ASSIGNMENT ▸
Using the records below, write out again exactly the lines that begin at the line containing "Rogan Josh Spice" and end at the line containing "Honda CRF250L RALLY 2017", and no other lines.

SUPPLIED INFORMATION ▸
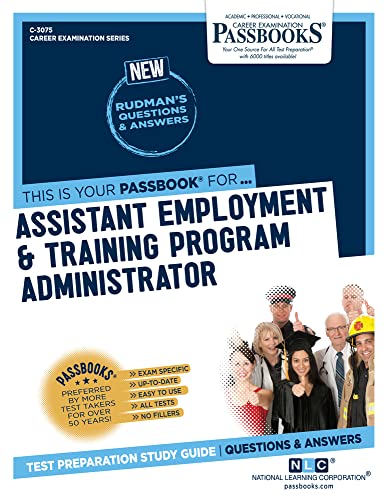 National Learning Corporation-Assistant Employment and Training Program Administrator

...

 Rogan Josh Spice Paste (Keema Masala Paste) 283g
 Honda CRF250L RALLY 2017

...

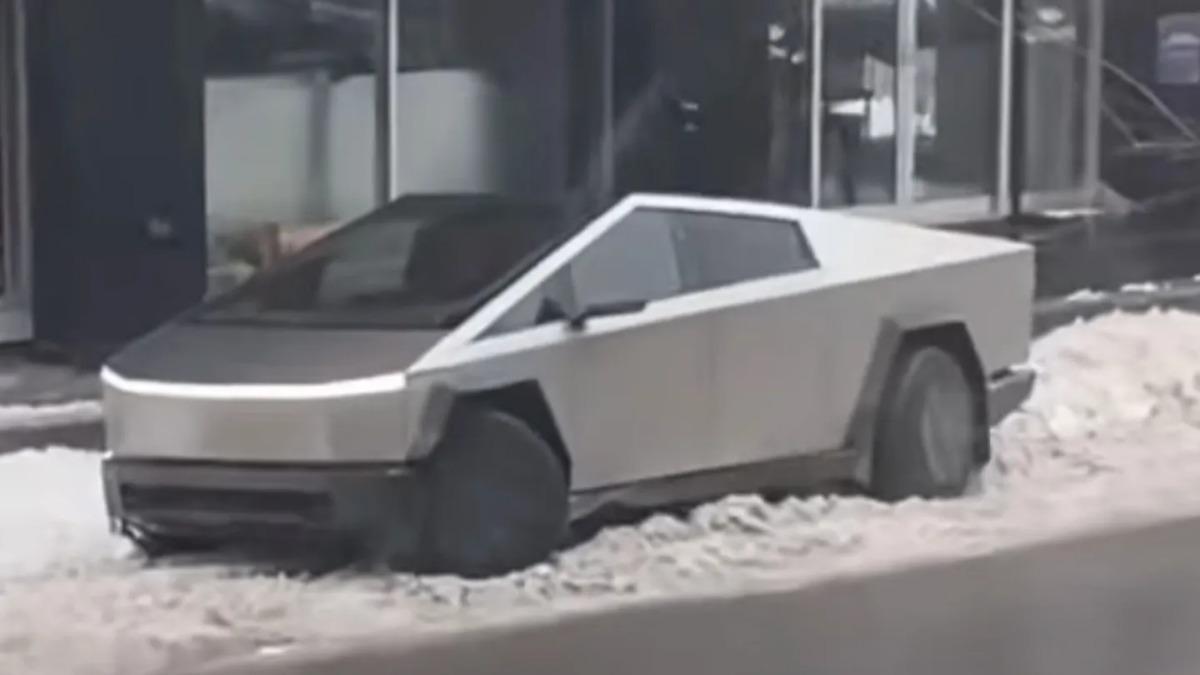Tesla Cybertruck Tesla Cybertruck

WRITTEN RESPONSE ▸
 Rogan Josh Spice Paste (Keema Masala Paste) 283g
 Honda CRF250L RALLY 2017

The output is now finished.